Write out exactly, excluding pictures, the lines from the one containing "Alpine Furniture Tranquility" through the end of the data, both included.

*** EXTRACTED RECORDS

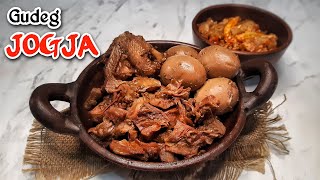 RESEP GUDEG JOGJA  KOMPLIT PRAKTIS DAN MUDAH SEMUA PASTI BISA MEMASAK GUDEG ENAK ASLI JOGJA [upl. by Drain]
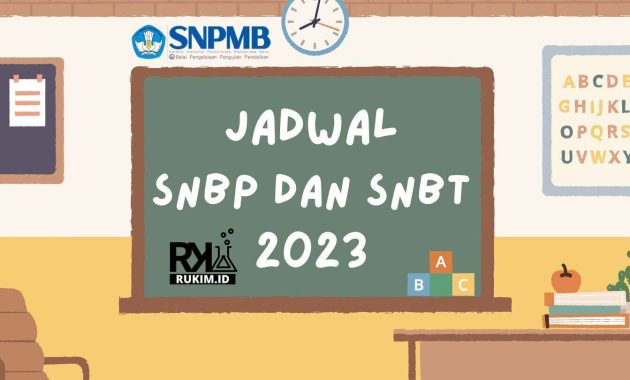 Jadwal Resmi Snbp Dan Utbk Utbk Snbt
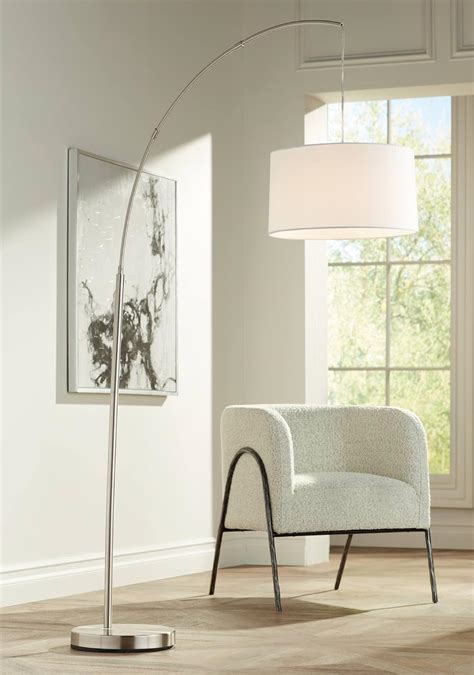 360 Lighting Cora Modern Arched Task Lamp Floor Standing 72" Tall ...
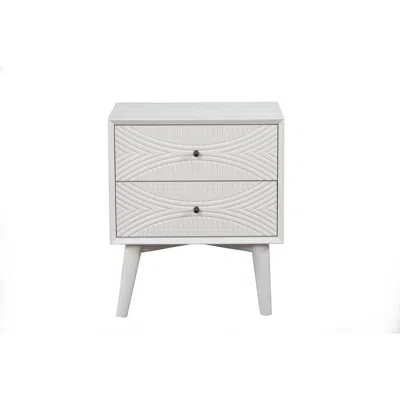 Alpine Furniture Tranquility Nightstand, White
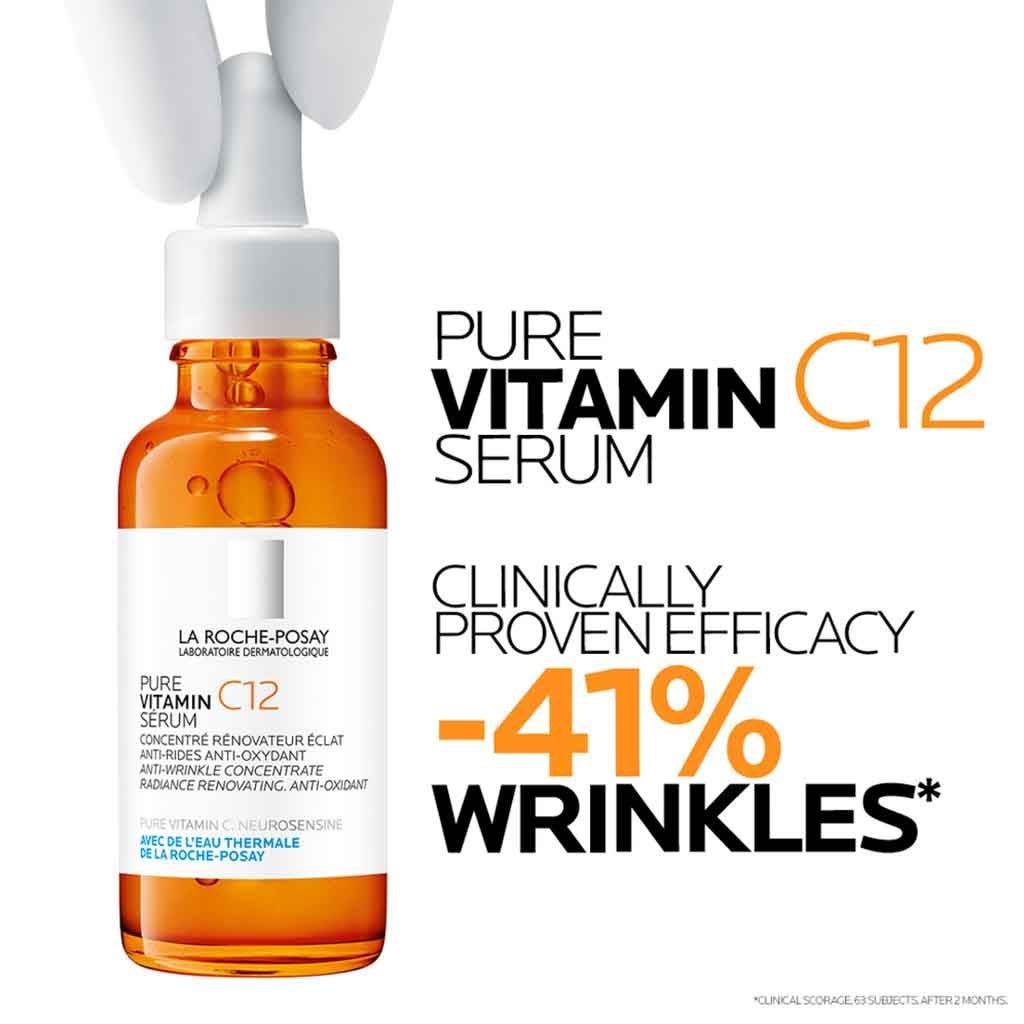 La Roche-Posay Pure Vitamin C12 Serum, 30ml - Makkah Pharmacy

******

EXERCISE SOLUTION
 Alpine Furniture Tranquility Nightstand, White
 La Roche-Posay Pure Vitamin C12 Serum, 30ml - Makkah Pharmacy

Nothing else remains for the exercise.